Un arrêt de la chambre criminelle de la Cour de cassation (Cass. crim., 29 juin 2004, n° 03-85190) mérite de retenir l'attention en ce qu'il précise le champ d'application de la prohibition et l'infraction définis à l'art. L. 2223-33 du CGCT. La Cour de cassation indique en effet expressément que les fournitures et prestations liées aux obsèques ne se limitent nullement à la définition limitative du contenu du service extérieur des pompes funèbres telle qu'elle figure à l'art. L. 2223-19 du Code. Est ainsi consacrée l'interprétation administrative de cet art. L. 2223-33 puisque le ministère de l'Intérieur avait pris position sur la question dans sa circulaire n° 95-91 du 14 février 1995 (reproduite dans G. d'Abbadie et C. Bouriot, "Code pratique des opérations funéraires", Le Moniteur, 3e éd., 2004, p. 341).

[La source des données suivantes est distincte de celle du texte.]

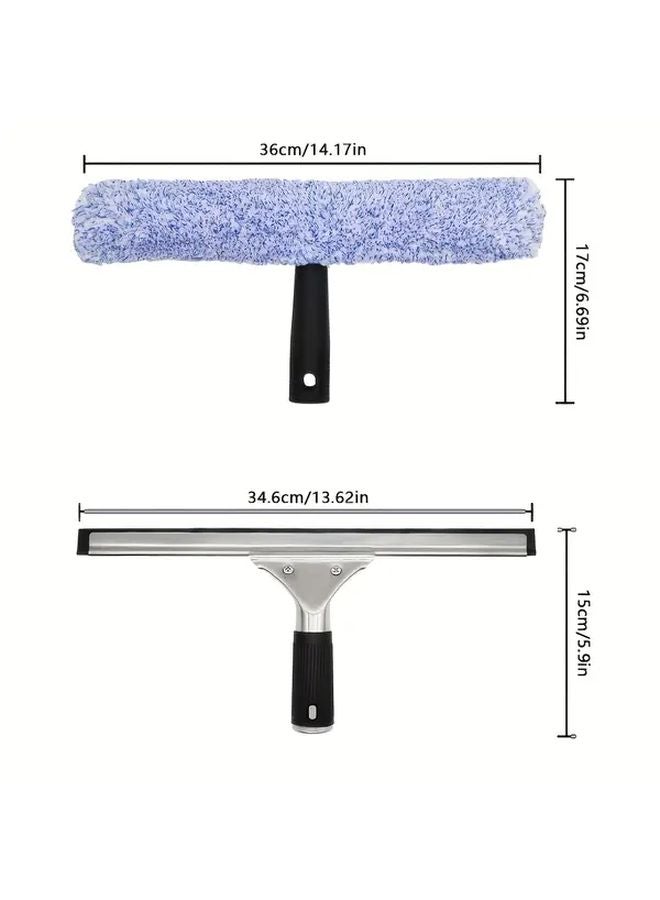 2pcs Professional Window Cleaning Kit with Silicon Squeegee Microfiber Scrubber - Image 3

Cependant, si le démarchage est largement prohibé quant aux services et produits proposés, il reste qu'il ne concerne pas la prévoyance funéraire et que n'est interdit le démarchage que lorsqu'il est exercé à l'occasion ou en prévision d'obsèques. Si le ministre de l'Intérieur dans sa circulaire précitée appelait par prudence à une absence totale de démarchage commercial dans le domaine funéraire (hormis la prévoyance, évidemment), force est d'admettre que dans cet arrêt de la chambre criminelle de la Cour de cassation, il est reproché à la cour d'appel de Colmar de ne pas avoir suffisamment motivé son arrêt en précisant en quoi les démarchages reprochés avaient été effectués à l'occasion ou en prévision d'obsèques. Dès lors, il convient de relativiser la position du ministre, notamment quant à l'interdiction de certaines pratiques comme le dépôt de cartes de visites sur les monuments funéraires. Les marbriers comme les entreprises de pompes funèbres semblent ainsi autorisés par la Cour de cassation à pratiquer un démarchage commercial, dès lors que la lettre du CGCT est respectée, c'est-à-dire qu'il n'est pas effectué "à l'occasion ou en prévision d'obsèques".
Concernant le démarchage commercial (CGCT, art. L. 2223-33), la Cour de cassation (Cass. crim., 29 juin 2004, n° 03-85.190) ayant considéré que l'incrimination pouvait concerner un démarchage commercial intervenu plus de neuf mois après la date du décès, la loi n° 2008-1350 du 19 déc. 2008 fixe désormais un délai de deux mois pour la prohibition en modifiant ce dispositif.